Aussi, le Québec ressemble aux autres provinces au regard de la proportion
d’écoles (16,4 % contre 17,7 % pour le reste du Canada) ayant au moins un service
parrainé par une entreprise ou offert en partenariat avec une entreprise, une réalité plus
fréquente dans les écoles francophones.
Avec la diminution du financement public de l’éducation publique, les écoles ont recours
de plus en plus aux campagnes de financement pour affronter les dépenses les plus
urgentes. Depuis le milieu des années 1990, d’importantes restrictions budgétaires en
éducation ont obligé parents, personnel scolaire et directions d’école à mettre une
énergie considérable à chercher de « généreux bâilleurs de fonds » pour réparer les
cours d’école ou pour l’achat de matériel informatique, soit en vendant des produits de
toute sorte fournis par des entreprises, en organisant des soupers-spaghetti ou d’autres
activités pour l’achat de livres et l’organisation de sorties éducatives.
On ne peut nier que le financement privé comporte certains avantages pour les écoles.
Il y a aussi des risques. La dernière collecte de fonds d’une école de la Commission
scolaire Marguerite-Bourgeois de Montréal, où des élèves ont eu à vendre du chocolat
afin de financer l’achat de pupitres et de chaises pour les classes de leur école, montre
bien que le manque à gagner peut favoriser des pratiques douteuses en matière de
financement.
Ce sont surtout les fonds amassés dans le cadre de la sollicitation d’entreprises et de
campagnes de financement qui inquiètent le plus, car ils sont une source potentielle
d’une plus grande inégalité entre les écoles. Par exemple, l’enquête démontre que les
écoles du Québec amassent entre 300 $ et 200 000 $, avec une moyenne de 14 156 $
par école. Il existe donc des écarts importants entre les écoles. Ces données indiquent
qu’à ce chapitre, le Québec a rejoint ses homologues des autres provinces puisque la
moyenne des fonds recueillis dans les écoles canadiennes est de 15 705 $.
Comme il n’y a pas de mécanisme de redistribution de la richesse entre les écoles qui
récoltent beaucoup d’argent et celles qui en recueillent moins, on ne peut qu’anticiper
que les écoles favorisées seront encore plus favorisées et les écoles moins favorisées
encore moins favorisées, ces dernières s’enfonçant dans la spirale des réductions de
services. En cette matière, le gouvernement a un rôle important à jouer.
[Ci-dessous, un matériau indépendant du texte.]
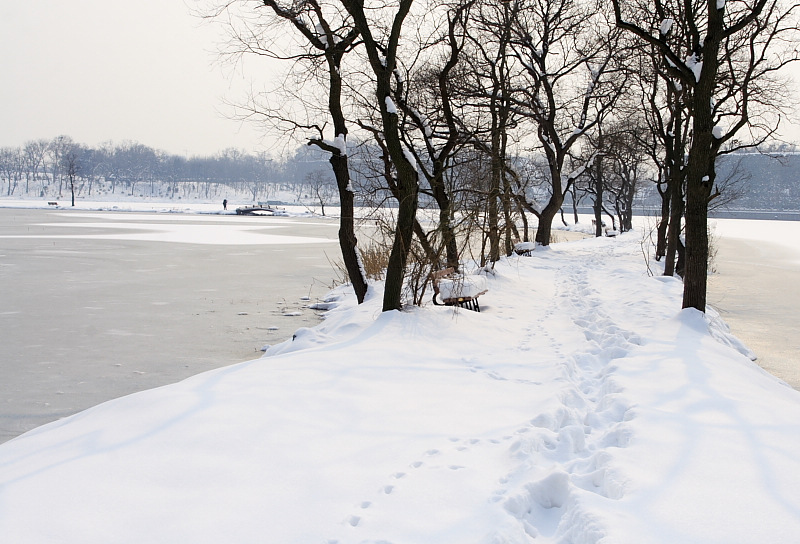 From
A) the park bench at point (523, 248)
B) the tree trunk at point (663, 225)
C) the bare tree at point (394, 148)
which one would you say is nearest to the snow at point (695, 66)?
the bare tree at point (394, 148)

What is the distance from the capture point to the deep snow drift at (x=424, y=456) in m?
3.28

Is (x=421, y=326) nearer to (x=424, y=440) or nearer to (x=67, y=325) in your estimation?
(x=424, y=440)

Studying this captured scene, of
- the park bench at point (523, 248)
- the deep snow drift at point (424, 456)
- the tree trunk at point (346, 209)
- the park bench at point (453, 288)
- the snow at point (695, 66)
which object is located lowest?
the deep snow drift at point (424, 456)

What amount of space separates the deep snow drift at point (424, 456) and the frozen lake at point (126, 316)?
277cm

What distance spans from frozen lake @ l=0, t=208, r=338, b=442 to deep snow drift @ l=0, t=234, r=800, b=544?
9.10ft

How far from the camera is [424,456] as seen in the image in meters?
4.33

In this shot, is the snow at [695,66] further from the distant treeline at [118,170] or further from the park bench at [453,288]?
the distant treeline at [118,170]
Il devra
sensibiliser les commissions scolaires aux dangers des écarts grandissants qui peuvent
se creuser entre les écoles publiques au regard du financement privé.
L’État et le financement de l’éducation publique
Ce n’est pas d’hier que les intervenantes et les intervenants de l’éducation au Québec
s’inquiètent du rôle compensateur du financement privé de l’éducation causé par la
diminution du financement public. Dans son rapport de 1996, la Commission des États
généraux sur l’éducation demandait de maintenir l’effort global du Québec en éducation
à 8,5 % du produit intérieur brut (PIB). Il se situe à 7,5 % sur un budget de 8,3 milliards
de dollars en 2003-2004 pour le préscolaire, le primaire et le secondaire ; cela
représente un manque à gagner de près d’un milliard de dollars.
La réalité grandissante du financement privé des écoles publiques commande un
encadrement plus strict de ces pratiques et une analyse de leurs conséquences sur le
personnel scolaire, les élèves et les parents. Le gouvernement doit prendre ses
responsabilités et tout mettre en œuvre pour éclairer la population du Québec sur cette
situation en évolution rapide et annoncer ce qu’il entend faire dans ce dossier.